Embedded Systems (STM32) LDC Absolute minimal runtime

Mike Franklin slavo5150 at yahoo.com
Fri Apr 6 00:21:31 UTC 2018


On Thursday, 5 April 2018 at 15:58:28 UTC, Cora Dias wrote:
> Hi...i am a new user here.

Welcome!

> As per my observation as suggested above you need a minimal 
> runtime implementation that implements the features of D that 
> your code is using, some that your code is not using but is 
> required by the compiler just to get a build.

Yeah, so D can be both a systems programming language and an 
applications programming language, and it's even convenient 
enough to use a scripting language :-)  But that means that it 
has both high level and low level features.

If you want to do bare-metal programming on the STM32 (or any 
resource-constrained micrcontroller), you may not want or need 
things like the garbage collector, runtime type information, etc. 
(though with something like the STM32F7, it may be the right 
choice). To do the low-level stuff, you just need the fundamental 
compiler facilities, and not much, if anything, from the runtime. 
  So, you have a few options:

1) The -betterC switch - This switch allows you to use D like C.  
No classes, No runtime-type information, no exceptions, but you 
still get the compiler facilities like templates, mixins, etc. 
that aren't found in C.  Thus it is a "better C".  See 
https://dlang.org/spec/betterc.html and 
https://dlang.org/blog/category/betterc/ for lots of information 
about that.

I am, personally, not a fan of betterC, and affectionately call 
it worseD.  IMO, if the compiler would just be fixed to reduce 
coupling to the runtime (as was done recently in 2.079.0) betterC 
would not be needed.

2) A v2.079.0 compliant compiler - 2.079.0 did some long overdue 
decoupling of the compiler from the runtime so you no longer get 
compiler errors for missing features that your code doesn't even 
make use of.  See 
https://dlang.org/changelog/2.079.0.html#minimal_runtime for more 
information about that.

3) A pre-2.079.0 version of a compiler with useless stubs to get 
the compiler to shut up and generate your binary.  Trying to make 
a minimal runtime with the current LDC release is fraught with 
problems: (1) https://github.com/ldc-developers/ldc/issues/781 
(2) https://github.com/ldc-developers/ldc/issues/552  GDC is much 
better, but still requires a few useless stubs to get a build 
(e.g. 
https://github.com/JinShil/stm32f42_discovery_demo/blob/master/source/runtime/object.d)

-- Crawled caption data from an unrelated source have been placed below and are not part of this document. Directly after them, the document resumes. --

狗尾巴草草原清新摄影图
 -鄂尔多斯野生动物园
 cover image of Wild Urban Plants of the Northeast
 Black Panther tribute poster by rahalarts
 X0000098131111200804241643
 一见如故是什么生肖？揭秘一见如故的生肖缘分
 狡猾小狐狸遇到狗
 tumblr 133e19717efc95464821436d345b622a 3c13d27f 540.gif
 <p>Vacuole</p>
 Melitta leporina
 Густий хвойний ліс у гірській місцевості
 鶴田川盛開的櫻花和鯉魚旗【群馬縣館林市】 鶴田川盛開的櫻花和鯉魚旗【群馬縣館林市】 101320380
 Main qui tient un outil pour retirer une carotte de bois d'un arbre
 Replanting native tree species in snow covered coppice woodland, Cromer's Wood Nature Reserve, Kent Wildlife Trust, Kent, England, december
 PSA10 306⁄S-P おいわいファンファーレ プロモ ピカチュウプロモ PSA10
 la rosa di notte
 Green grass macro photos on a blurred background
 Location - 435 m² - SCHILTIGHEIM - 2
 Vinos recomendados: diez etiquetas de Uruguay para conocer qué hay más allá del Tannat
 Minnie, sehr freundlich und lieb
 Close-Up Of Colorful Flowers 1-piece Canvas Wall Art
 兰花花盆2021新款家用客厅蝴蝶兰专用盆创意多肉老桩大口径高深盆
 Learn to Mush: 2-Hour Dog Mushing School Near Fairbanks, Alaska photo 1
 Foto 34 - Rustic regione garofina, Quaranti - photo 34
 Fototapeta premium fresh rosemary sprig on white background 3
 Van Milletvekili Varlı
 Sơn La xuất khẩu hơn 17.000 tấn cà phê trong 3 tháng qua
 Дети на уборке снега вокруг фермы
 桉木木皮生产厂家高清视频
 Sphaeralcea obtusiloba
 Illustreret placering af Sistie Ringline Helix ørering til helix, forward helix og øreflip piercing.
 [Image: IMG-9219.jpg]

LDC is currently working on adding the 2.079.0 features:  
https://github.com/ldc-developers/ldc/pull/2641  I hope it will 
be in the next LDC release.  When that's done it will be a much 
better competitor with GDC (and may even surpass it) when it 
comes to ARM Cortex-M programming in D.  I'm currently trying to 
find a way to contribute to GDC to accelerate its progress, but I 
have a lot to learn.

A few resource which you may find interesting:
https://bitbucket.org/timosi/minlibd - probably the most complete 
port of the D runtime to the ARM Cortex-M platform.  I think it's 
only compatible with GDC at the moment though.

https://github.com/JinShil/stm32f42_discovery_demo - A proof of 
concept illustrating the bare-metal programming ARM Cortex-M 
microcontrollers without the need for -betterC, opting for 
minimal runtime instead, is feasible.

https://forum.dlang.org/post/qjowkuwstewnmdunepiq@forum.dlang.org, https://theartofmachinery.com/2018/04/02/inheritance_and_polymorphism.html - A very cool way of using D's mixin features to simulate classes without the D runtime.

I hope that will give you some of what you were looking for.